Average daily turnover was $464bn (pounds 300bn) in April, up from $290bn three years earlier, according to a Bank of England survey. The share of sterling trading fell from 23 per cent to only 15 per cent of the total.
Ian Plenderleith, an executive director of the Bank of England, said yesterday: ''This confirms London's pre-eminent position as an international centre for the global foreign exchange markets.'' He saw no reason why the growth of business in London should not continue.
Daily turnover rose in New York and Tokyo during the same period but by far less. It increased 46 per cent to $244bn in the US and 34 per cent to $161bn in Japan, compared with London's 60 per cent rise.
Terry Smeeton, head of the Bank's foreign exchange division, said the scale of the growth between this survey and the last, in April 1992, had been a bit surprising. There had been greater than expected growth in currency swaps, which might be explained by demand from fund managers hedging their increasingly international portfolios.
The survey was the fourth conducted simultaneously by the Bank of England and 25 other central banks. Average turnover in London was less than $100bn a day in 1986, the year of the first survey. Its lead over other centres has been increasing since.
Banks that carry out a lot of currency trades in London are clear about the main advantage: the time zone. David Cocker at Chemical Bank said: ''London can deal with other centres all day. From 5pm our time the US is only dealing with itself.'' Adrian Cunningham at UBS agreed: ''It boils down to time. It has nothing to do with lower costs or greater expertise.''
Mr Plenderleith said London had achieved a critical mass that helped it carry on growing. The pace of growth was geared to the expansion of world trade. There was no evidence in the survey to suggest speculative dealing was on the increase, he said.

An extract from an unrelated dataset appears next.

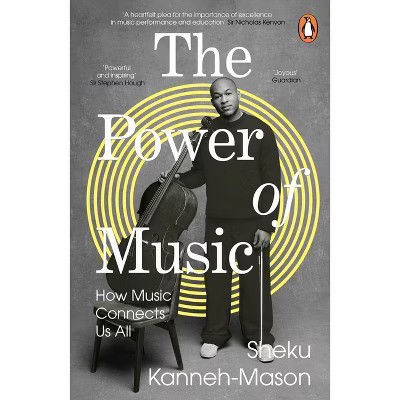 The Power of Music - by  Sheku Kanneh-Mason (Paperback) | Target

The most popular trade is the dollar against the mark, followed by dollar- yen. Sterling-dollar comes a distant third. Trades involving currencies that could eventually join a single European currency account for at most 14 per cent of the total.

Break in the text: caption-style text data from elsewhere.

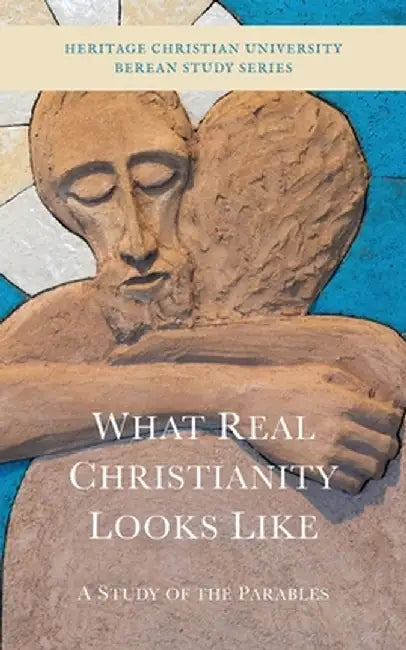 What Real Christianity Looks Like: A Study of the Parables by Ed Gallagher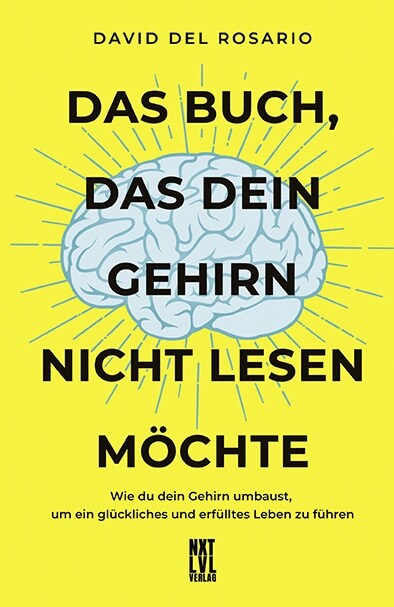 Das Buch, das dein Gehirn nicht lesen mochte (Hardcover)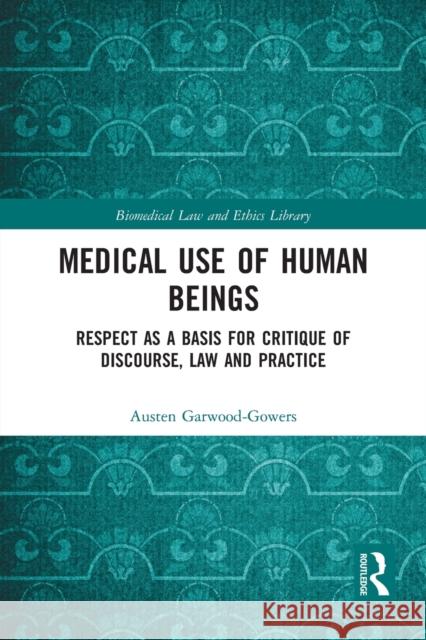 Medical Use of Human Beings: Respect as a Basis for Critique of Discourse, Law and Practice Austen Garwood-Gowers 9780367726942 Routledge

The proportion of business accounted for by forward transactions - mainly swaps - rather than spot deals increased by 11 per cent to 59 per cent. This rise explained most of the increase in total turnover since 1992.
Business with end-users accounted for 25 per cent of all transactions, the rest being interbank trading. The share of business taken by the top 10 banks was constant at 44 per cent, and seven of them were also in the top 10 three years ago.
The share taken by the top 20 rose from 63 per cent to 68 per cent. Foreign- owned institutions accounted for about 79 per cent of total turnover.
The survey of 301 banks and 12 brokers covered 18 days in April. The Bank for International Settlements will publish comprehensive figures on the size of the world foreign exchange market in November.